Penso che Spectre sia uno dei brani più belli dell’album. Ha questo feeling senza tempo, ipnotizzante, e una melodia che ti cattura senza scampo. In qualche modo potrebbe sembrare di averla già sentita.
Grazie! Sinceramente questo è un brano che non ricordo neanche di aver scritto. È uscito fuori mentre ero alla tastiera, è stata una delle cose che ho scritto per prime. La melodia passa da una pentatonica minore in modo dorico (accenna la melodia cantando, nda).
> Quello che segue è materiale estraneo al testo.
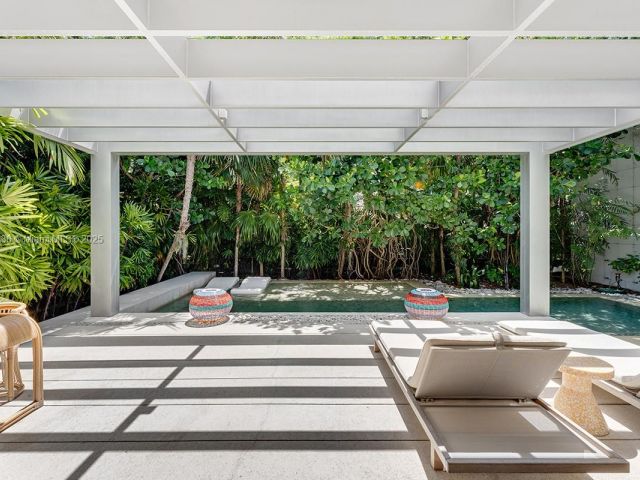 Продажа дома по адресу 11 La Gorce Cir - фото 6175818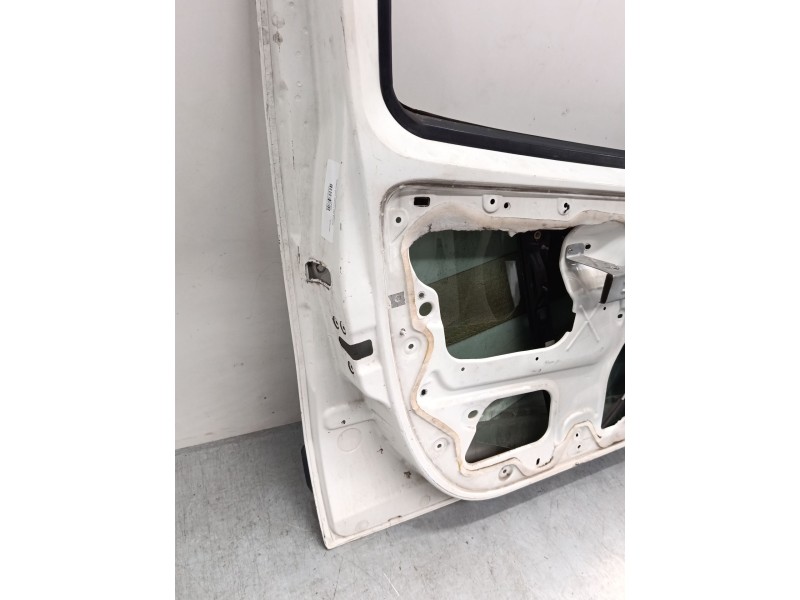 Recambio de puerta delantera izquierda para citroën nemo monospace 1.4 hdi referencia OEM IAM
Tantissimi brani usano questo tipo di passaggio armonico ma consciamente non avevo un riferimento particolare in mente, il che non vuol dire che poi non sia successo senza che non me ne accorgessi.
Ti lascio tornare al tuo lavoro chiedendoti solo che programmi hai nel prossimo futuro, tra disco appena uscita, questo cortometraggio…
Sì appunto, lavoro intensamente a quest’ultimo, sto collaborando a questo progetto orchestrale per un fantastico gruppo di Bristol, Paraorchestra, composto da un mix di persone abili e disabili. Ognuno suona il suo strumento in modi completamente diversi, è veramente un’esperienza bellissima. Probabilmente dopo che avrò finito queste cose inizierò subito a lavorare sul prossimo album, ho già alcune idee su quello che voglio fare. Ma sopratutto spero che il futuro sia pieno di concerti dal vivo.